Malmo is expecting up to 100,000 visitors, and for fans of the contest “it’s what’s on stage that is important”, Andreas Onnerfors, professor of the history of ideas and a Eurovision specialist, told AFP.

Nearly 70 years old, Eurovision is “a colourful mix of people, a demonstration of European tolerance that doesn’t exist in any other form or place”, he stressed.

However, for the artists representing Ukraine, “politics is everywhere”.

“Culture is a part of politics, so every song is political,” rapper Aliona Savranenko, known by her artist name alyona alyona, told AFP over the weekend.

“There should be demonstrations, people should voice their opinions, people should boycott,” Magnus Bormark, who is competing for Norway with his group Gate, told AFP.

Gate, like eight other contestants, have publicly called for a lasting ceasefire in Gaza.

Representatives of some countries considered boycotting the competition to protest Israel’s participation, but decided against it in the end.

‘Intensification’

Security is a major concern, especially as Sweden raised its terror alert level last year following a series of protests involving desecrations of the Koran.

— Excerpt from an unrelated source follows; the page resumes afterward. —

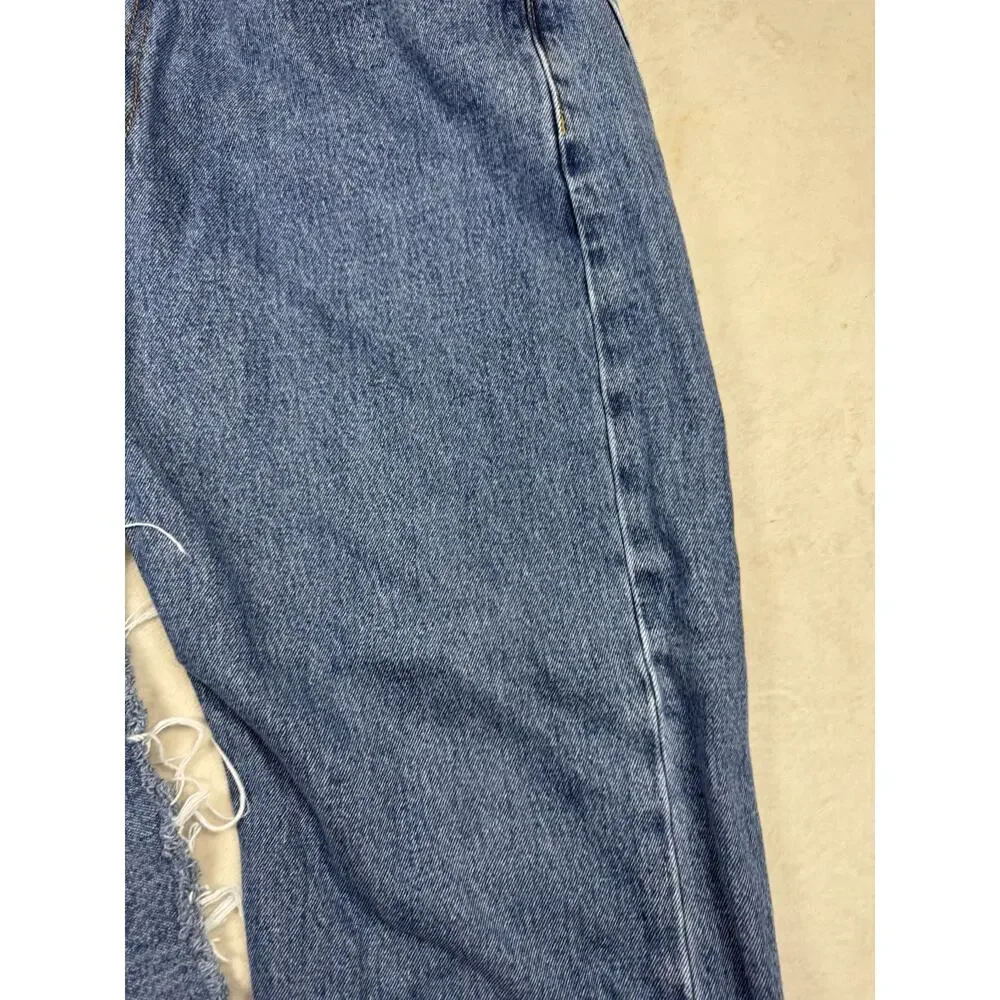 Levis 505 Mens Jeans 36x29 Regular Fit Straight Leg Blue Denim Raw Hem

Security checks have been stepped up, in particular for access to the various sites, where bags will mostly be prohibited.

The police presence has also been strengthened, with reinforcements coming from Norway and Denmark.

But police spokesman Jimmy Modin said the first days of Eurovision week were calm and that there was no threat directed at the competition.

Some members of the Jewish community are planning to leave the city for the weekend.

“With Eurovision, there’s a kind of intensification. The feeling of insecurity increased after October 7, and many Jews are worried,” said Fredrik Sieradzki, a spokesman for local group The Jewish Community of Malmo.

“I can’t really be happy about Eurovision, even though as a congregation we think it’s good that everyone is welcome here in Malmo, including Israel,” he added.

Security around the synagogue has been stepped up, while on social networks, threats have been directed at Israel’s singer Golan.

As the final starts at 9:00 pm (1900 GMT) on Saturday, activists will be organising the first edition of Falastinvision in solidarity with the Palestinian people.